What the task requires: Nothing outside the stretch is wanted. Repeat exactly the lines of the listing below from the one that contains "Scaffale di libri" through the one that contains "LEGO Creator 3in1 Weißer Hase (31133)", both ends included.

Given records:
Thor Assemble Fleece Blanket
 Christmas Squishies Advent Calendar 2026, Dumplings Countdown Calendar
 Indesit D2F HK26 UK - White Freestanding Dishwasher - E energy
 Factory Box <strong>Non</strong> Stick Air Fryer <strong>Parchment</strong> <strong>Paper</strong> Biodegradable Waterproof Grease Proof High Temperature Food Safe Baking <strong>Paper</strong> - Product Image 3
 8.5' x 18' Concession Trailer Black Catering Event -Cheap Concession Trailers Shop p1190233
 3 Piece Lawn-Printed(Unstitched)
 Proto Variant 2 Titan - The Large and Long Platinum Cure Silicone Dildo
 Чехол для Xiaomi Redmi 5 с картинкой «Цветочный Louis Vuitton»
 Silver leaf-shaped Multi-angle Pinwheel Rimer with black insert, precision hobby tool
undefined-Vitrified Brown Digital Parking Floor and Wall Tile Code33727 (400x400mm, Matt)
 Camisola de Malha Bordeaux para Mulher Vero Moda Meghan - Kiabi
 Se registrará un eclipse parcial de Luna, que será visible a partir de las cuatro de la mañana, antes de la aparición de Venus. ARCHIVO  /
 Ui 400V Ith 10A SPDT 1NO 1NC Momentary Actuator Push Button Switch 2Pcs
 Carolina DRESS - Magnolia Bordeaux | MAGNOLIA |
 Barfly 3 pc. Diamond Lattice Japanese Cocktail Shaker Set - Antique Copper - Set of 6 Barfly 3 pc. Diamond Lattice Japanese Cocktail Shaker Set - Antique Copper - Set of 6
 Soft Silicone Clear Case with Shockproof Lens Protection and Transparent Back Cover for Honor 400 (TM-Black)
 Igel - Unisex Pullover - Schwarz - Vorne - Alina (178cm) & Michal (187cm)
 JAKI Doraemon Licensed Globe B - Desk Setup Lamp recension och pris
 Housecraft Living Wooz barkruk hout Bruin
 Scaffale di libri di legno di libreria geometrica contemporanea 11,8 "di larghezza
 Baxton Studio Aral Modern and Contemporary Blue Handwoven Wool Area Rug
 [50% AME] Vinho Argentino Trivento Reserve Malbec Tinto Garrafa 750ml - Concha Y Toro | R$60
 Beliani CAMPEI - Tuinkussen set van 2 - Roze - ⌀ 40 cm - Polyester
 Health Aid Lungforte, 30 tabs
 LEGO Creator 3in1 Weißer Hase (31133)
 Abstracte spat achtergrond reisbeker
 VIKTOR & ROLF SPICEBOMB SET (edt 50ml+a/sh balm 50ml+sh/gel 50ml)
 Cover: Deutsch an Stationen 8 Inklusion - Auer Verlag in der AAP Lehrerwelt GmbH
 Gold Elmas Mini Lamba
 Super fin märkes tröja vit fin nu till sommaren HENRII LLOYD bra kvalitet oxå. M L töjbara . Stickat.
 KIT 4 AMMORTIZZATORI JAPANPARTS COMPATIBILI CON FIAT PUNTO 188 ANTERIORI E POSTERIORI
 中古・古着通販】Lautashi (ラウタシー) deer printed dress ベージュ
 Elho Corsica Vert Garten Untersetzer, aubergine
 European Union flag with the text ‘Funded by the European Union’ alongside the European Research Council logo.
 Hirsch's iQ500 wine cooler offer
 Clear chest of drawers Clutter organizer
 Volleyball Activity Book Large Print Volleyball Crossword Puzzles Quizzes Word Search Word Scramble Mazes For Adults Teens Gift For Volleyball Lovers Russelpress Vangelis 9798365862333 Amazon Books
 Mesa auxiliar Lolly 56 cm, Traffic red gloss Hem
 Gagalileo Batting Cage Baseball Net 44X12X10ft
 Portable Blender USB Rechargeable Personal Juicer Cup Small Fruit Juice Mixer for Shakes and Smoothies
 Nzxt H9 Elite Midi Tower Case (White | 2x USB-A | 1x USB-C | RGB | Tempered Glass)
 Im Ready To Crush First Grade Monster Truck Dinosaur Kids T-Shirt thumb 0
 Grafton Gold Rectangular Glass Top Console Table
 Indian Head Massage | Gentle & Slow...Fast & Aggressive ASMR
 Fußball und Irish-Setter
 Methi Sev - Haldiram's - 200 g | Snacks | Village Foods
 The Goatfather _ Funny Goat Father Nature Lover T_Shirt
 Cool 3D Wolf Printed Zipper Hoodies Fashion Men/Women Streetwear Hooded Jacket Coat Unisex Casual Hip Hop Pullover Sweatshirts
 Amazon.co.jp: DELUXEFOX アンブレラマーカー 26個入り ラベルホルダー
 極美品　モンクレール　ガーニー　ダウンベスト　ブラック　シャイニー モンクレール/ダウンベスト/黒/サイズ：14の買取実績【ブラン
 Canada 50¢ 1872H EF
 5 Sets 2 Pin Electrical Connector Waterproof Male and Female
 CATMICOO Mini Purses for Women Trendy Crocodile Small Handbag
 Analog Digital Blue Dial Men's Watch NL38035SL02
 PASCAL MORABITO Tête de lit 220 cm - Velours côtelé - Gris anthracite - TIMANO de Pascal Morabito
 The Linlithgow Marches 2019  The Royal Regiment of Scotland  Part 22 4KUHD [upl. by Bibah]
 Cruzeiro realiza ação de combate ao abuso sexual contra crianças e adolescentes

Exercise response:
 Scaffale di libri di legno di libreria geometrica contemporanea 11,8 "di larghezza
 Baxton Studio Aral Modern and Contemporary Blue Handwoven Wool Area Rug
 [50% AME] Vinho Argentino Trivento Reserve Malbec Tinto Garrafa 750ml - Concha Y Toro | R$60
 Beliani CAMPEI - Tuinkussen set van 2 - Roze - ⌀ 40 cm - Polyester
 Health Aid Lungforte, 30 tabs
 LEGO Creator 3in1 Weißer Hase (31133)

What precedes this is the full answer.